Masako Miki
2028 Eureka Fellow




Masako Miki’s (b. 1973, Osaka, Japan) paintings, sculptures, and installations manifest ancient folklore in ways relevant to our contemporary lives. Using a variety of materials, including wool, wood, bronze, ink, and watercolor, Miki creates characterful artworks rooted in Shintoism, the indigenous culture of her Japanese birthplace, but informed by the freedom and ambition fostered by living in California for three decades.
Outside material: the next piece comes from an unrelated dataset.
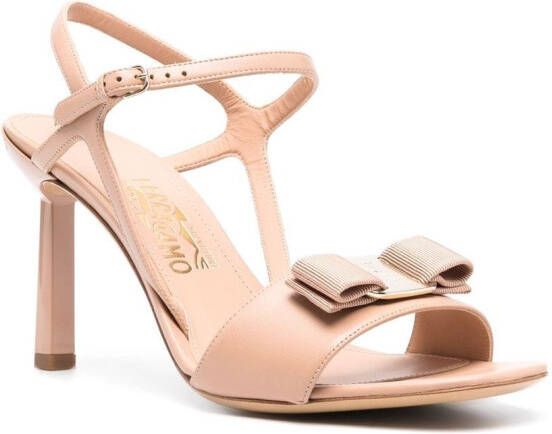 Ferragamo Gabriela sandalen met open neus Beige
Miki holds an MFA from San José State University and a BFA from Notre Dame de Namur University in Belmont, CA. She has enjoyed solo shows at the de Young Museum in San Francisco, the Berkeley Art Museum and Pacific Film Archive, ICA San José, and KMAC Contemporary Art Museum in Louisville, KY. Her work is in the permanent collections of SFMOMA, BAMPFA, and the McEvoy Foundation for the Arts in California, as well as Collección SOLO in Madrid and Byrd Hoffman Water Mill Foundation in New York, among others. Recent commissions include the design of Maison Hermès’ windows in Ginza, Tokyo; a site-specific installation for the Minna Natoma Arts Corridor in San Francisco; and a permanent installation of bronze sculptures at Uber HQ in San Francisco. Miki is currently the subject of a solo exhibition at ICA San Francisco, featuring works on paper, as well as felt and bronze sculptures. The exhibition will travel to the MassArt Art Museum in Boston in 2026. Miki lives and works in Berkeley and is represented by Jessica Silverman, San Francisco, and Ryan Lee, New York.